# Riding mower wont bag



## farmboy (Jun 3, 2013)

I have a craftsman riding mower 19.5 hp, it has the side discharge and bagger feature, but it wont send the grass up the chute and into the hoppers. it doesn't matter what the grass length is it may send a small amount into the totes but not much.
Anyone have a clue what might be wrong ?


----------



## Padilen (Jun 18, 2013)

Do you have the Hi-lift blades?


----------



## JimP (Feb 8, 2002)

Padilen said:


> Do you have the Hi-lift blades?


It's kind of a dumb observation to make, but:

A neighbor bought a cheapo mower from Walmart years ago...wouldn't discharge for shet. It was store assembled, 
The blades were upside down to the motor rotation...cutting with the back of the blade and no vacuum upwards.

Without the bag, and the safety deflector disengaged, grass and debris should fly out the chute a long way.


----------



## farmboy (Jun 3, 2013)

Thank you for your input, after looking at the blades and looking on e-bay at what the blades should look like, I found they are just standard blades.
Again I thank you


----------



## Padilen (Jun 18, 2013)

Glad to be of help. Now go mow!


----------



## Burksee (Jan 15, 2003)

Even with "standard" blades you should still get a decent amount of discharge. I'm inclined to agree with jimp and suggest you check the rotation of the blades against how they are mounted to make sure they're on and going the right way.


----------



## Fishndude (Feb 22, 2003)

I had a commercial lawn service, with Dixie Choppers for mowers. We had one unit that had a "bagger," for clients who wanted their clippings caught. Ours was called a Trac Vac, and it had a separate engine that ran the fan that sucked the clippings up, and shot them back into the catch barrels on the back of the machine. Our Dixie were bad-to-the-bone machines, and they wouldn't have propelled the clippings to the catch barrels without the Trac Vac. 

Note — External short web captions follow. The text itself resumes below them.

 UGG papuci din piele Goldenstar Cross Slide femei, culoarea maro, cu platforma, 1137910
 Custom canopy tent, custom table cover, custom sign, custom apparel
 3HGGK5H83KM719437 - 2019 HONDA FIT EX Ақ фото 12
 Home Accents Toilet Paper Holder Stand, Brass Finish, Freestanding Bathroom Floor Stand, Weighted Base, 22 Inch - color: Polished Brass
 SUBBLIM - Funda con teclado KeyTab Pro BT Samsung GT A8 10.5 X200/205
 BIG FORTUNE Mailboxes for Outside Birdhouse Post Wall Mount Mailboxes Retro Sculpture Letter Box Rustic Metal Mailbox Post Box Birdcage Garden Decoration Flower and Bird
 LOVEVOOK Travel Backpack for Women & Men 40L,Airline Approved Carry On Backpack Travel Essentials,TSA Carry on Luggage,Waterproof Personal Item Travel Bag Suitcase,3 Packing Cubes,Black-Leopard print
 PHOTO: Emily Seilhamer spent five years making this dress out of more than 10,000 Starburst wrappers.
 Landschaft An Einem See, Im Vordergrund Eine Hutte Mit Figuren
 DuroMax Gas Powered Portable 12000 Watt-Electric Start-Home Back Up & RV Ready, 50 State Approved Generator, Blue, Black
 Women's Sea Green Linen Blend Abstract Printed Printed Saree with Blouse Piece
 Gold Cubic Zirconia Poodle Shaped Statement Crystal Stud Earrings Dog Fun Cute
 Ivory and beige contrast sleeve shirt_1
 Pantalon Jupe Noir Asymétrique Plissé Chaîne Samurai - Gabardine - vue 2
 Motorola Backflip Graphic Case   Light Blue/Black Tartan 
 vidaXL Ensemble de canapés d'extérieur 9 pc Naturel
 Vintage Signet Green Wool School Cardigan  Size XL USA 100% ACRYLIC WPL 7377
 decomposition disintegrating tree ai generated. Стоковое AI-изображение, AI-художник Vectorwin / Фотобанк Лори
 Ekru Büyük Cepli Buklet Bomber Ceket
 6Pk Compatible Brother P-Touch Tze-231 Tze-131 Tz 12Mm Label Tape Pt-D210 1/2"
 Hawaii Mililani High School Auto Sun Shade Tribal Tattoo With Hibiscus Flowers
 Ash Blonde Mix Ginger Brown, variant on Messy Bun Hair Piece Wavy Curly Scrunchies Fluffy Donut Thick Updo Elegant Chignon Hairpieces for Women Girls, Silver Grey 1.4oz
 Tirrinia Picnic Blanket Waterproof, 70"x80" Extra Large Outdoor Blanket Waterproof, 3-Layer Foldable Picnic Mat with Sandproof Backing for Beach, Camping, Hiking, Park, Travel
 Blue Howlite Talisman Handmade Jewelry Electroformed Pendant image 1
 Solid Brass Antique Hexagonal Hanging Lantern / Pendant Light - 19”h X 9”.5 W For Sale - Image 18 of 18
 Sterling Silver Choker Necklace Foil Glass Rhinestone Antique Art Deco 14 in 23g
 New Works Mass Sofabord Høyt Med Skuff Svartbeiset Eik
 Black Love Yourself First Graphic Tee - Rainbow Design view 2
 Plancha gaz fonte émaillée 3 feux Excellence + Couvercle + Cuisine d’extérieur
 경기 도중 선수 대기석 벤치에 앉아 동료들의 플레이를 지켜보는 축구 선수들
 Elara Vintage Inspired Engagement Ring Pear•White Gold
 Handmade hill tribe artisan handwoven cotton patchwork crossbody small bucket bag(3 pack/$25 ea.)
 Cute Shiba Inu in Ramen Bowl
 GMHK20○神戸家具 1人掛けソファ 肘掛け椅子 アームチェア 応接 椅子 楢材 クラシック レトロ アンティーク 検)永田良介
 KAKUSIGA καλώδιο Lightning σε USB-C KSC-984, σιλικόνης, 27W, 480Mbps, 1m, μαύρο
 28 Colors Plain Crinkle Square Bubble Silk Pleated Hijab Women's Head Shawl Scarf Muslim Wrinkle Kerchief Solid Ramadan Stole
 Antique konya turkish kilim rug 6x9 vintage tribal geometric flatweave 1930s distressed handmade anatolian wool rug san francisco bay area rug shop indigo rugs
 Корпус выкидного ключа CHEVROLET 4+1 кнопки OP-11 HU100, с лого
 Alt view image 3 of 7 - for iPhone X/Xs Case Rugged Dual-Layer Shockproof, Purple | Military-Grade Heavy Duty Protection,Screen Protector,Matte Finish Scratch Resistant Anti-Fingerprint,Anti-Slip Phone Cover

Question: What kind of soil do you have, and why do you need to catch your clippings? I found that using mulching blades on a powerful mower is usually a great option, and avoids having to dispose of clippings. *If you have real dense soil, then catching your clippings might make a lot of sense.* If you have fairly loose soil, then get some Gator Blades, keep them sharp, and forget about catching the clippings. If you just mulch them, you will save on fertilizer, too. Clay soil? Fagetaboutit.


----------



## Sasquatch Lives (May 23, 2011)

The bag should allow air to flow through it allowing the grass to fly in and be contained. Make sure the netting isn't all plugged up with dirt or debris.


----------



## Sling (Aug 2, 2005)

is there a mulch plug ?


----------



## WALLEYE MIKE (Jan 7, 2001)

Fishndude said:


> I had a commercial lawn service, with Dixie Choppers for mowers. We had one unit that had a "bagger," for clients who wanted their clippings caught. Ours was called a Trac Vac, and it had a separate engine that ran the fan that sucked the clippings up, and shot them back into the catch barrels on the back of the machine. Our Dixie were bad-to-the-bone machines, and they wouldn't have propelled the clippings to the catch barrels without the Trac Vac.
> 
> Question: What kind of soil do you have, and why do you need to catch your clippings? I found that using mulching blades on a powerful mower is usually a great option, and avoids having to dispose of clippings. *If you have real dense soil, then catching your clippings might make a lot of sense.* If you have fairly loose soil, then get some Gator Blades, keep them sharp, and forget about catching the clippings. If you just mulch them, you will save on fertilizer, too. Clay soil? Fagetaboutit.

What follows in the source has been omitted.